**Task directions**
From the records below, print exactly the lines starting at the one containing "Серый Вольво ХС90, объемом" and ending at the one containing "София и Александр", ends included, and nothing else.

**Exercise input**
Segment Open

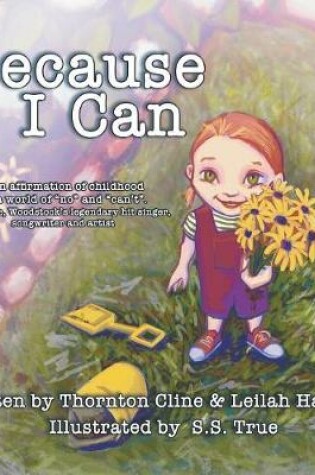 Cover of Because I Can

Segment Closed
Segment Open

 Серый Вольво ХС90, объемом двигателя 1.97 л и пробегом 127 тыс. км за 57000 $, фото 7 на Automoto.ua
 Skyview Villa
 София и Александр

Segment Closed

**The answer**
 Серый Вольво ХС90, объемом двигателя 1.97 л и пробегом 127 тыс. км за 57000 $, фото 7 на Automoto.ua
 Skyview Villa
 София и Александр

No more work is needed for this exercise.